> **WHAT TO DO**: Retype only what runs from the first line of the listing to the line holding "2 Free Shipping)", both included. Do not retype the pictures.

> **EXERCISE DATA**:

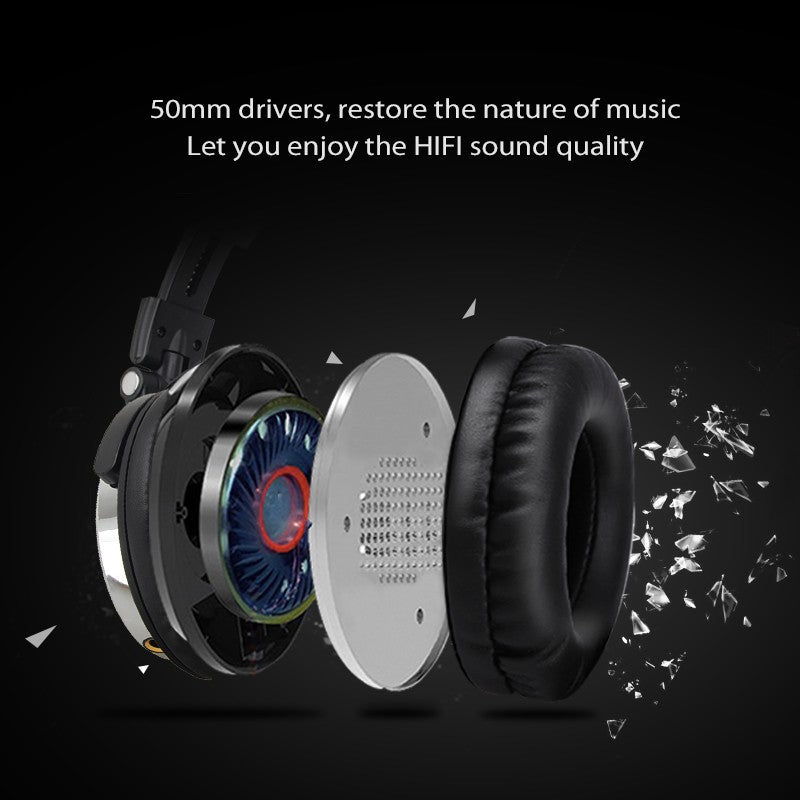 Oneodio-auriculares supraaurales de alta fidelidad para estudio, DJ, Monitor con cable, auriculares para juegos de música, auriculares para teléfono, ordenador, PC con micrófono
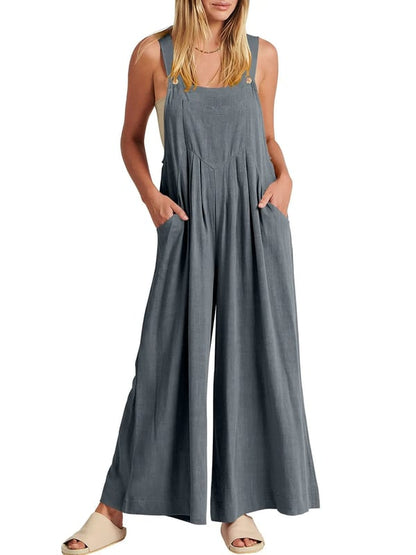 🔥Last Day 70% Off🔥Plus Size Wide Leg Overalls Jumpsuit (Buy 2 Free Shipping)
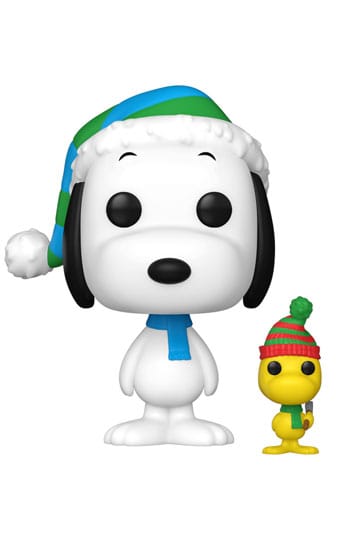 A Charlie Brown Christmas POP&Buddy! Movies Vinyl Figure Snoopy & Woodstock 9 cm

> **REPLY TO THE EXERCISE**:
 Oneodio-auriculares supraaurales de alta fidelidad para estudio, DJ, Monitor con cable, auriculares para juegos de música, auriculares para teléfono, ordenador, PC con micrófono
 🔥Last Day 70% Off🔥Plus Size Wide Leg Overalls Jumpsuit (Buy 2 Free Shipping)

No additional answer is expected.